RENTON - In the end, Matt Hasselbeck had to prove he was healthy.
And the Seattle veteran quarterback passed the test, with Pete Carroll finally telling reporters after practice on Thursday that Hasselbeck will start on Saturday against the visiting New Orleans Saints in the NFC Wild Card playoff game.
Hasselbeck suffered a strained hip during the first quarter of the Tampa Bay game two weeks ago, and sat out last week as reserve quarterback Charlie Whitehurst led the Seahawks to a 16-6 victory that clinched a postseason berth.
Carroll said he made the decision that Hasselbeck was ready to go after watching film from Wednesday’s practice. The Seattle coach added that Hasselbeck has been the starter all along, and that he just wanted to make sure that he had recovered from the hip injury.

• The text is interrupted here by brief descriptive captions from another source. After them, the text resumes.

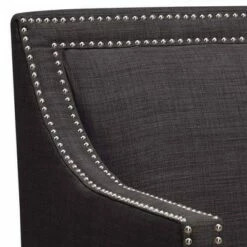 Emery Chair & Ottoman - Picket House Furnishings Blue -Living Room Chairs store unnamed file 10256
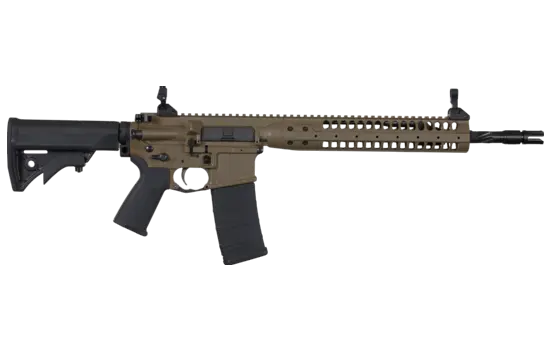 LWRC - Individual Carbine — 5.56 mm NATO · 30 Round · Flat Dark Earth · 14.7"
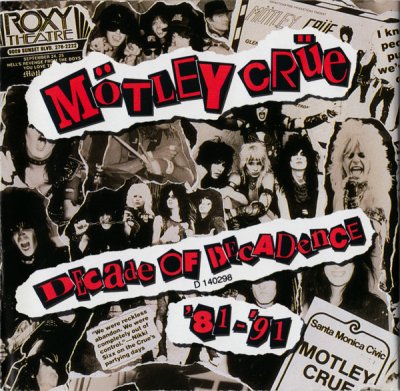 Album cover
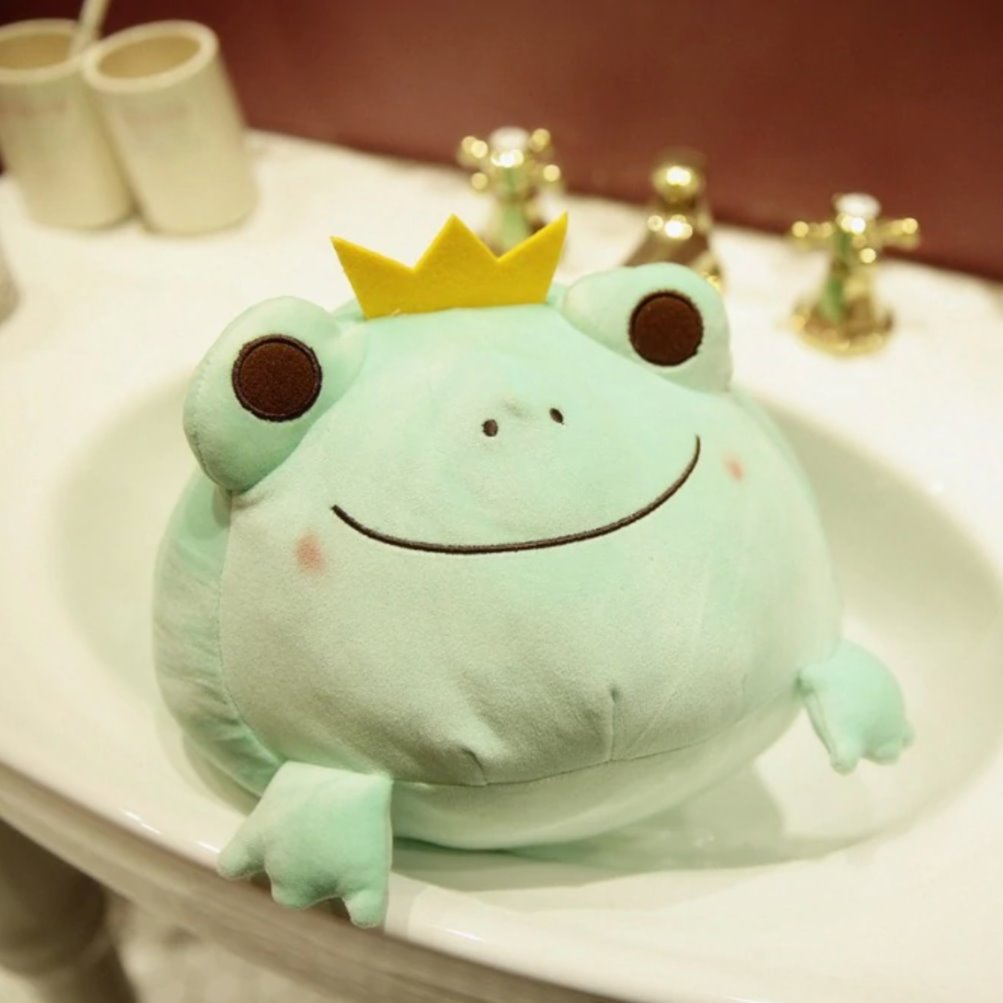 Norvo | Royal Frogs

“Last week, he did everything he could (to get healthy),” Carroll said. “He was a warrior about it. He would have gone if we’d called on him, but it was better that we didn’t have to do that and in that event. Charlie came through and did a great job for us. So we know we have two really good guys that can play the football game and we feel confident that both those guys can give us a chance to win.”
Carroll said Hasselbeck’s playoff experience was a factor in his decision. Hasselbeck is 4-5 in the postseason, including leading the Seahawks to their only Super Bowl appearance five seasons ago. He has thrown for 2,211 yards, 11 touchdowns and eight interceptions in the playoffs, and has a 79.9 passer rating.
If Whitehurst had been called upon, it would be his third career start – and his first in the postseason.
Hasselbeck said he’s pleased to be back in the playoffs after a two-year absence. He said making sure he was healthy was the key.
“I really was just unsure about my health, and I was very unsure about that,” Hasselbeck said. “It wasn’t like I was you know, everyone was asking, and I just wasn’t really sure.
“I hadn’t really had anything like it. So that was the big question mark. I just did what I could – I just tried to work hard, and ice a lot, and do all that stuff.”
Although Whitehurst played well last week, receiver Ben Obomanu said it’s good to have Hasselbeck back.
“Matt has looked great in practice,” Obomanu said. “I think he showed determination to get back healthy, to go in the training room and do the things he needs to do. And he also gave us confidence and let us know all week long, regardless of what happens, he wants to give us confidence that if he is playing, he’s ready to go. He’s ready to make those plays and help contribute.”
Carroll said that receiver Brandon Stokley (head) is cleared to play. Meanwhile, offensive tackle Sean Locklear did not make it practice because he’s still dealing with a family matter. Carroll expected Locklear back Thursday evening but is prepared to start Stacy Andrews at right tackle. “Stacy had a great week,” Carroll said. “This is Stacy’s natural position. He was excited about the opportunity to play it all week long. We could play with Stacy right now. He would do fine for us. We still have to see how Sean is when he returns, because he’s been through a lot of stuff. But I’m counting on Sean to play for us.”
HERO OR ZERO?
A look at a player who can influence Saturday’s playoff game between the Seahawks and the New Orleans Saints:
DEFENSE: WILL SMITH
The defensive end is the Saints’ best pass-rushing threat. And yet, in the previous meeting with the Seahawks this season, Smith had little impact. He had two tackles and knocked down a pass. Not only did he not have a sack, but rookie left tackle Russell Okung also never allowed him to get close to quarterback Matt Hasselbeck, who by no random coincidence had his best game of the season. But Smith’s production was down the entire season. He had 13 sacks in 2009, and this season he has but 51/2. He has been bothered by a sore groin at times this season. But the real problem has been New Orleans’ lack of any other pass-rushing threat that often leaves Smith facing not only the opponent’s best offensive tackle but also a running back helping out as well.